Interstate double voting — someone successfully or trying to cast a ballot in the same election in two different states — is widely believed by election officials to be rare. But it does happen. Election officials, and Republican politicians, have praised ERIC in the past as a key tool that has helped them catch cases.

In the interview, Grandjean stressed that the new effort she is trying to rally support for is “not meant to be something that’s comparative” to ERIC. It would be structured entirely differently, based on individual states signing data sharing agreements with one another, and not a more centralized database structure.

“There's no bylaws, there's no membership agreement,” she said. “It's just sharing information with each other.”

But that also means that any arrangement will be much more limited in practice than ERIC. One of ERIC’s biggest values was serving as a central clearinghouse for states’ data that they used to update voter rolls, either by scrubbing out-of-date registrations or finding potentially eligible but unregistered voters.

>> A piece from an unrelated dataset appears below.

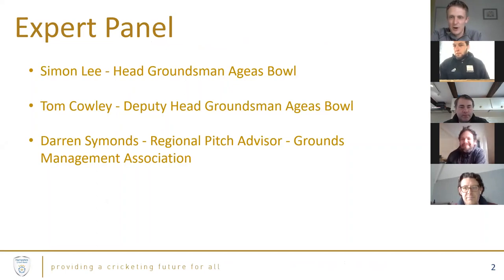Simon is at home - in the cottage at the site at the Ageas Bowl. And Tom is in one of the pavilions at the ground as well.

Those two things are much harder, if not impossible, to replicate with one-on-one agreements between states.

The future of ERIC also remains uncertain.

The states that left have denied that the attacks from conspiracy theorists had anything to do with the rush for the exits. Grandjean, who at one point chaired ERIC’s board, said she did not want to “relitigate” the fight but that it was “unfairly” portrayed in the media. Instead, most of the states that left said it was due to a fight over efforts to change the composition of ERIC’s board to remove a non-voting member and disagreements over what member states had to do with the data collected and distributed by the organization — something that many of the remaining states dismissed as a false pretense put forward to justify an exodus and score political points.

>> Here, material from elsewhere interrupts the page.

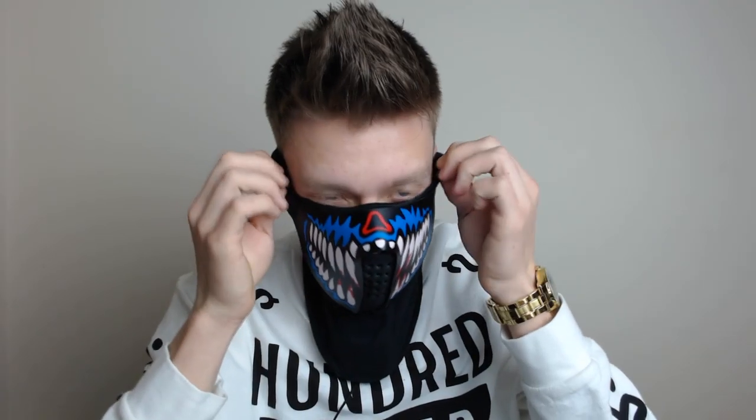So I'm gonna stick it on. It does cover your ears and you still breathe nicely and talk nicely.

Twenty-six states and the District of Columbia are currently members of the organization — a number that includes Virginia, whose resignation is set to take effect next month. Efforts are underway in New York and California to potentially join the organization, but that number could further dwindle in the future as well.

Texas Gov. Greg Abbott, a Republican, signed a law late last month that would allow the state to leave the program.

And Kentucky Secretary of State Michael Adams — a Republican who has also vocally defended ERIC — recently acknowledged his state is also looking at alternatives.

In a statement late last month, Adams said ERIC has been weakened because there are less participating states contributing data, increasing costs and decreasing utility to remaining states.

“While my administration will never cave to conspiracy theorists, it nevertheless is true that the value of ERIC to us going forward is a debatable question,” he said. “Kentucky is about to pay a lot more money to get a lot less information.”